Measures of Compactness • redistmetrics

There are dozens of measures of compactness. This vignette introduces some of the most common and most important measures of compactness. See the vignette “Using redistmetrics” for the bare-bones of the package.

We first load the redistmetrics package and data from New Hampshire. For any function, the shp argument can be swapped out for your data and the plans argument can be swapped out for your redistricting plans (be it a single plan, a matrix of plans, or a redist_plans object).

library(redistmetrics)
data(nh)

The New Hampshire proposed Republican plan looks like:

Area-Based Compactness

Polsby-Popper Compactness

Polsby-Popper is proportional to the ratio of a districts area ( $A_D$ ) and its perimeter ( $P_D$ ). Formally, it can be written as:

$\textrm{Polsby-Popper} = 4\pi\frac{A_D}{P_D^2}$ Scores range from 0 to 1, where 0 is the least compact and 1 is the most compact.

Polsby-Popper compactness can be computed with:

comp_polsby(plans = nh$r_2020, shp = nh)
#> [1] 0.2324375 0.1582763

Schwartzberg Compactness

Schwartzberg Compactness is similar to Polsby-Popper compactness and is also based on the comparison of a district’s perimeter ( $P_D$ ) to its area ( $A_D$ ). Formally, it can be written as:

$\textrm{Schwartzberg} = \frac{1}{\frac{P_D}{2\pi\sqrt{A_D/\pi}}}$

Scores range from 0 to 1, where 0 is the least compact and 1 is the most compact.

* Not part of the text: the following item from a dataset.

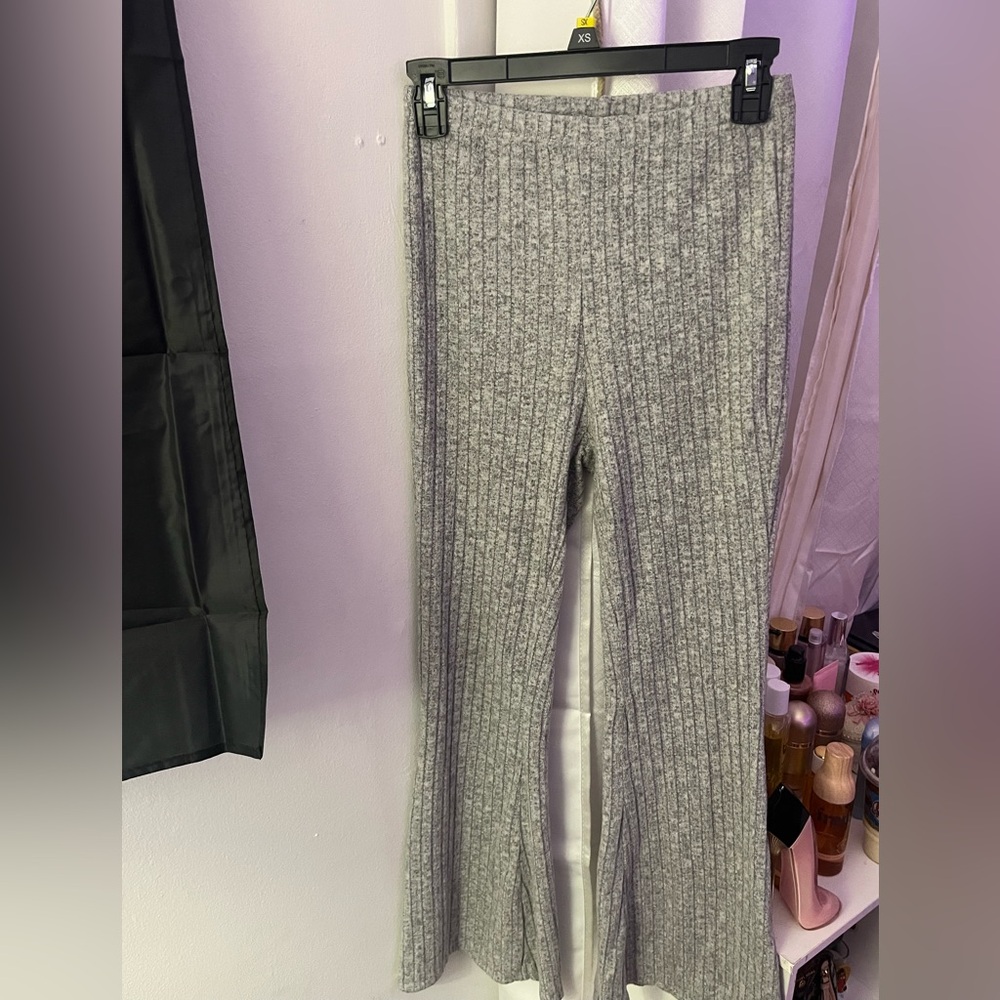 Gray Ribbed Knit Pants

Schwartzberg compactness can be computed with:

comp_schwartz(plans = nh$r_2020, shp = nh)
#> [1] 0.4821177 0.3978395

Reock Compactness

Reock compactness compares the area of the district ( $A_D$ ) to the area of the minimum bounding circle ( $A_{MBC}$ ).

Formally, it can be written as:

$\textrm{Reock} = \frac{A_D}{A_{MBC}}$ Scores range from 0 to 1, where 0 is the least compact and 1 is the most compact.

Reock compactness can be computed with:

comp_reock(plans = nh$r_2020, shp = nh)
#> [1] 0.4444653 0.2502152

Box Reock Compactness

Box Reock compactness compares the area of the district ( $A_D$ ) to the area of the minimum bounding rectangle ( $A_{MBR}$ ).

Formally, it can be written as:

$\textrm{Box Reock} = \frac{A_D}{A_{MBR}}$

Scores range from 0 to 1, where 0 is the least compact and 1 is the most compact.

Box Reock compactness can be computed with:

comp_box_reock(plans = nh$r_2020, shp = nh)
#> [1] 0.5769441 0.4196260

Convex Hull Compactness

Convex Hull compactness compares the area of the district ( $A_D$ ) to the area of the convex hull ( $A_{CV}$ ).

Formally, it can be written as:

$\textrm{Convex Hull} = \frac{A_D}{A_{CV}}$ Scores range from 0 to 1, where 0 is the least compact and 1 is the most compact.

Convex Hull compactness can be computed with:

comp_ch(plans = nh$r_2020, shp = nh)
#> [1] 0.6763964 0.6626738

Skew Compactness

Skew compactness compares the area of the maximum inscribed circle ( $A_{MIC}$ ) to the area of the minimum bounding circle ( $A_{MBC}$ ).

Formally, it can be written as:

$\textrm{Skew} = \frac{A_{MIC}}{A_{MBC}}$ Scores range from 0 to 1, where 0 is the least compact and 1 is the most compact.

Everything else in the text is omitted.